Understanding the metal
Saturday, Sep 1, 2012 · 800 words · approx 4 mins to readHardware is nothing without software. Or, if you’re that way inclined, software is nothing without hardware. Both are true.
I wrote a post for the PowerVR Insider blog not that long ago that points out that in the world of graphics hardware the software is often overlooked. It’s a technical marketing piece with the sentiment that without high quality software (driver and shader compiler in the main) that our hardware designs would have worse area and power efficiency and we’d do much worse in competition.
The reverse is true too, although it doesn’t always make intuitive sense since software is malleable and hardware is fixed.

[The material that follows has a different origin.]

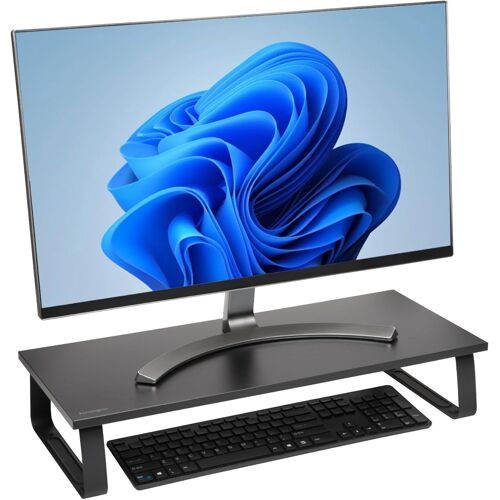 SUBZONAL-Support d'écran extra large pour les bureaux. Grand support d'ordinateur/support d'écran/support de bureau (K55726EU), noir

While you can always change your codes to better fit a given processing architecture, it can certainly be the case that the effort and payoff aren’t actually worth it.

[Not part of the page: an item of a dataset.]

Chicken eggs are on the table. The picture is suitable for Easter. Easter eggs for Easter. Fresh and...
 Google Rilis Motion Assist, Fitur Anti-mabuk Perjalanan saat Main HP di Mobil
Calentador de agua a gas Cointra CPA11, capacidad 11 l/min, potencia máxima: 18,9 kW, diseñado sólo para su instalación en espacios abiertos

While high quality software that understands the machine its running on is crucial for embedded GPUs in particular because they’re firmware, driver and compiler driven, making high quality implementations of the trio an absolute must or we leave efficiency on the table before the graphics programmer gets involved, it’s a much worse general problem that programmers aren’t led to understand what the hardware should be capable of in the first place and tailor their codes to suit.
In graphics land it’s so much of a black box that you as the graphics programmer could argue that you shouldn’t even bother trying to understand it too much. You can’t change the compiler, you have a very limited number of languages and you don’t provide the API. But the payoff from understanding the system underneath is absolutely worth it.

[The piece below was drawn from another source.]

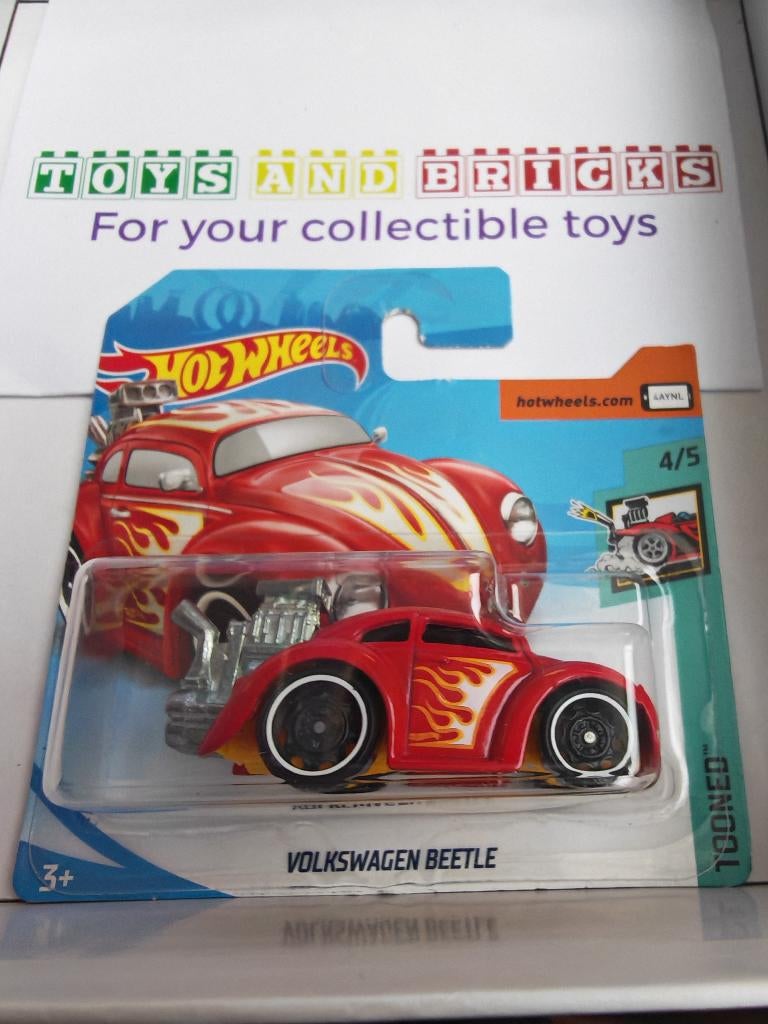 Hotwheels Volkswagen Beetle Red, Verzenden, Nieuw, Auto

They’re machines that require you to understand state and data flow more than parallelism (that tends to be implied in real-time graphics and you don’t have to worry too much). The model is pretty simple and you can understand the basics very quickly, leading to an instinct about what to do next when optimising.
If you writing in a general purpose language targetting modern CPU architectures, the payoff from understanding the machine is potentially even greater since it’s much harder to extra peak performance on a CPU than a GPU. The trend in computing since I’ve taken part in it has been to make understanding the CPU machine — by machine here I mean the actual native ‘metal’ — less of a priority. In fact in many CPU programming languages today the machine that runs your code is virtual and/or there’s JIT compilation and a runtime. That means most of the time you’re many layers above being native and you’re actively blocked from understanding it.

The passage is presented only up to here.